Social Struggle #3: The “if-one-more-person-tells-me-how-much-I’ve-grown-I’m-going-to-start-throwing-things” Family Reunion

Family reunions are unbearable, especially because everybody there feels as though they have the right to comment on your lifestyle choices because of a combination of excess “family spirit” and too much red wine. For example, almost every time we have extended-family gatherings, somebody feels that it’s necessary to somehow comment on how my choice of university for next year has what they refer to as a “bad rep”: “Better make sure your liver’s ready, love! Ha-ha!” or, “Oh… that’s nice… Aren’t your parents worried you’ll turn into a hippie?” or even, “You know what pot is? Just don’t smoke anything anyone gives you. I heard there’s a drug gang in that area.” Um. Thanks. So, just because I’m going to university automatically makes me a drug addict, a hippie and an alcoholic. Glad to know my family's so well-educated on stereotyping and generalisations.

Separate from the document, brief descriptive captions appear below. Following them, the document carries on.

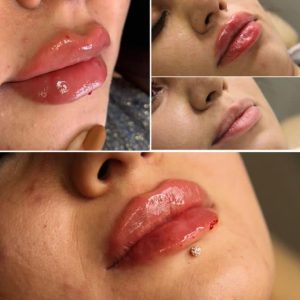 ‏زیبایی ‏نیک ‏خدمات ‏لیزر ‏موهای ‏زائد ‏و ‏بلفاروپلاستی ‏و کاشت ‏تخصصی ‏ابرو ‏در ‏کرج ‏گلشهر 12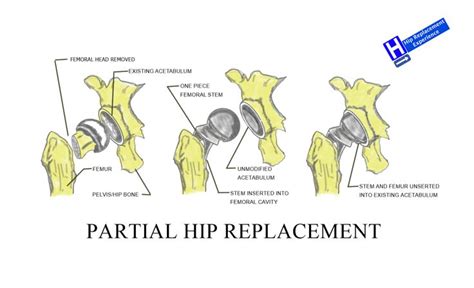 Hip Replacement Types Hip Replacement Experience Hip Replacement
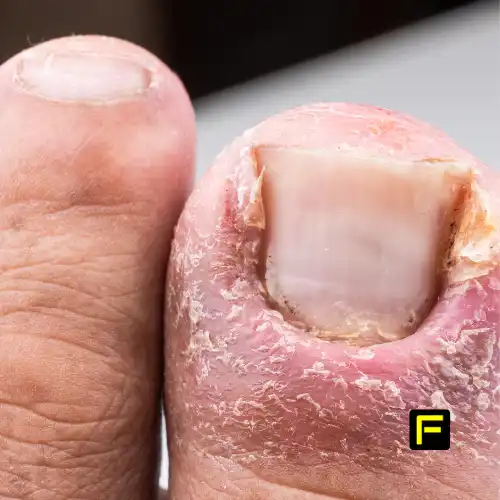 Does Bleach Kill Toenail Fungus? The Truth About This Popular Home Remedy 2 Does Bleach Kill Toenail Fungus? Photos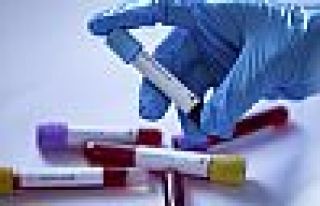 Dünyada koronavirüs vaka sayısı 837 bin 86’ya,...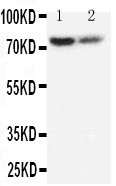 1 - Anti-PMP70 Antibody ABO11398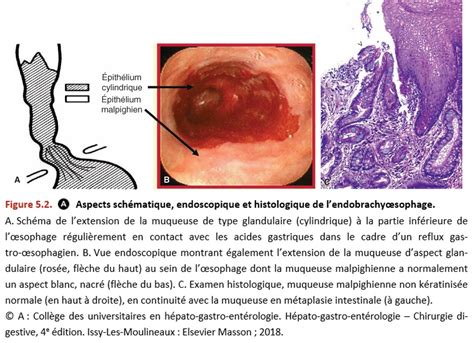 Société Française de Pathologie II b Pathologie digestive Tube digestif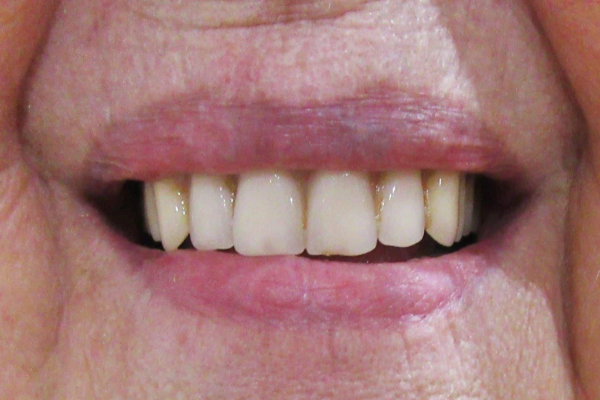 a close up of a man 's mouth with a beard and white teeth | Before and After Denture Treatment | Envision Denture and Implant Centre | Best Denturist In Surrey, British Columbia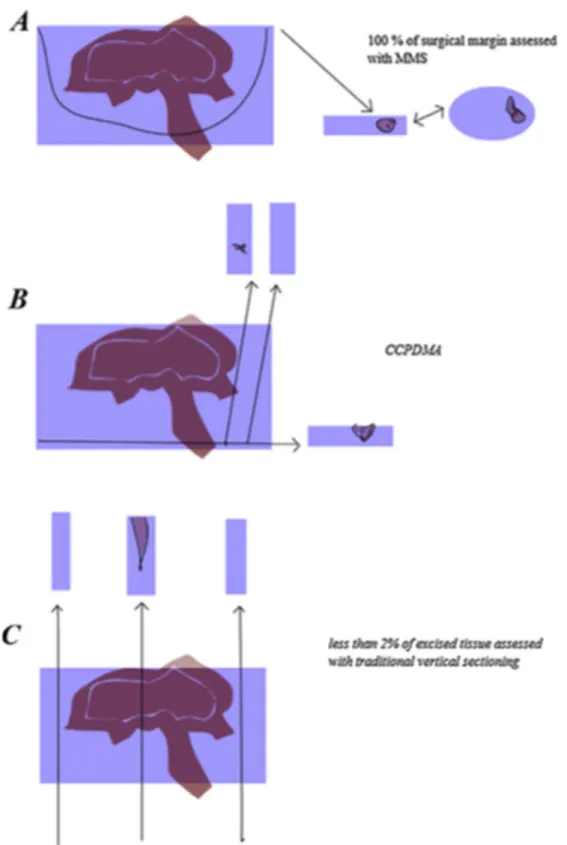 Fig. 2 – Várias técnicas de processamento das peças cirúrgicas (61) 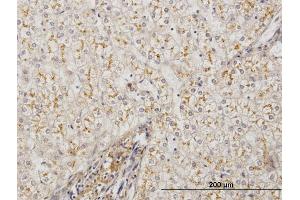 Immunoperoxidase of monoclonal antibody to AMBP on formalin-fixed paraffin-embedded human liver. (AMBP 抗体  (AA 19-352))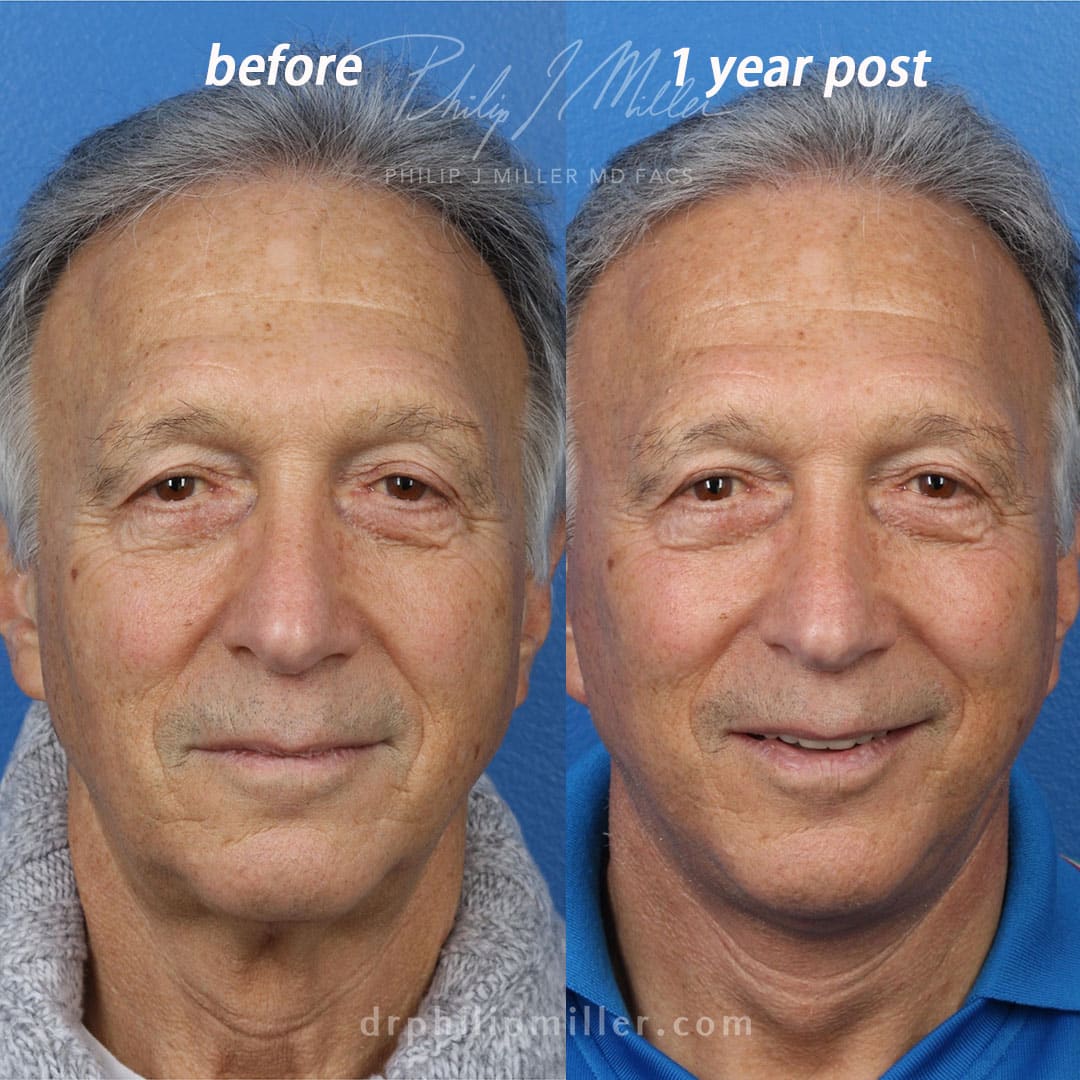 Facelift to rejuvenate the appearance of a male patient by Dr. Miller. After surgery, skin looks firmer, jawline is more defined, and patient looks more youthful.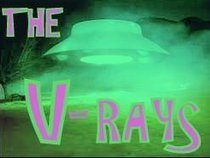 THE V RAYS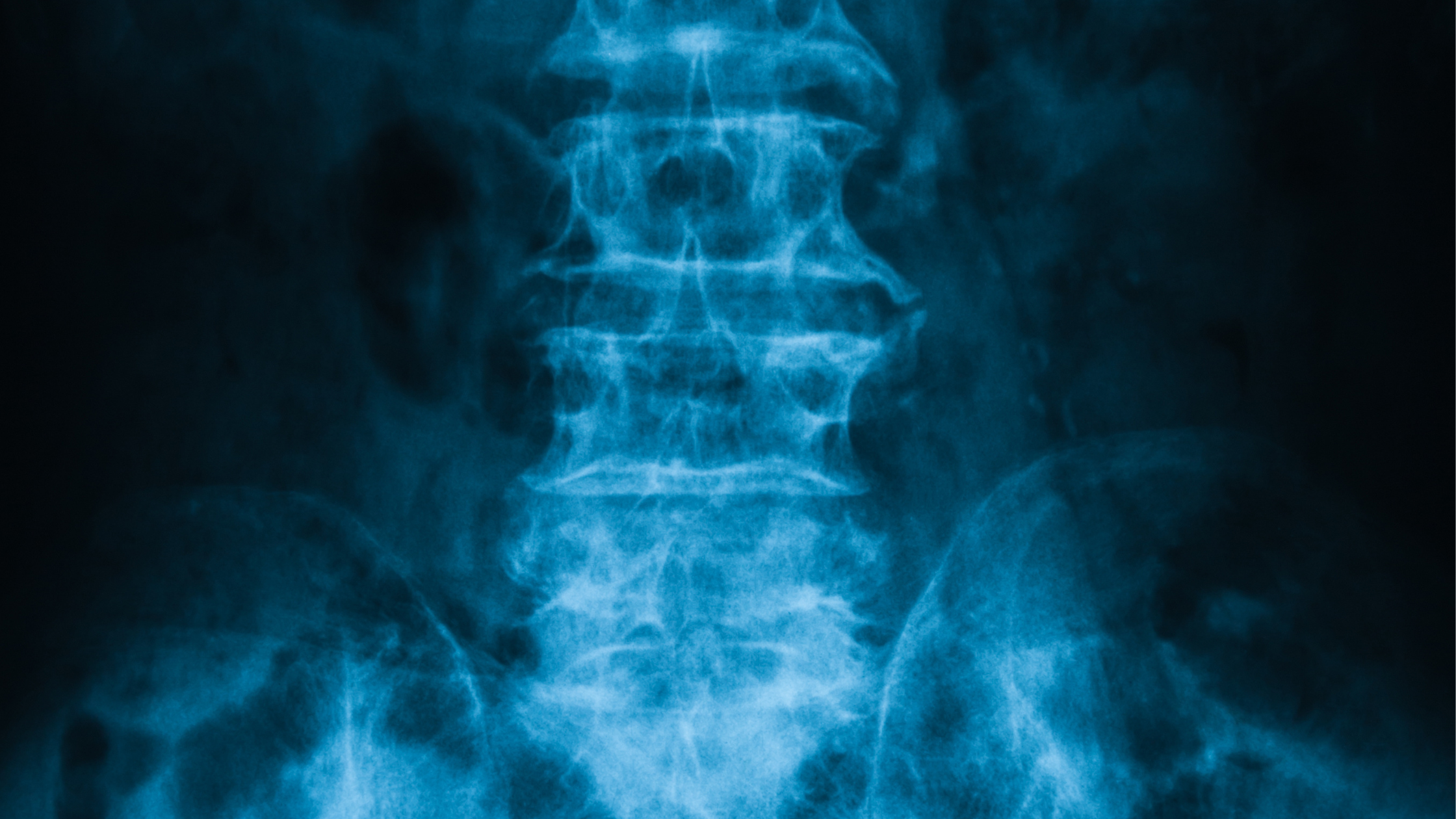 bone spurs and osteophytes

Ideal outcomes: 1. Shut everybody up for just a few minutes. 2. Give them something to talk about at the next reunion – to which you will not be invited if it all goes according to plan.

Solution: There’s always at least one other person in the family who’s vaguely similar to you – that is, they also wish they were in bed with a book, and it shows. I have three: father, sister, and uncle. If you don’t have a significant other to talk to, just talk to yourself. This solution involves roleplaying, which under any other circumstances I am completely and utterly opposed to, so don’t @ me about it. Prepare a scene beforehand in which you and your partner-in-crime pretend to be two characters from a book you’ve both read. (Preferably something extremely weird and wonderful, like The Hobbit or even Twilight – we’re going for a shock-and-awe kind of response.) Include actual dialogue, but feel free to be creative. Recite your lines loudly and dramatically, responding aggressively when your mom tries to laugh it off and tells you to “stop playing around”. Hopefully, you’ll eventually be escorted off the property by an extremely annoyed (but secretly relieved) parent.

Alternatively, buy a bunch of clichéd T-shirts and wear them out in public. This way, you can simultaneously warn people against talking to you, and apologise for your anti-social-ness without even having to open your mouth!

This blog went places I never expected it to go. Nonetheless, I hope you have been thoroughly entertained.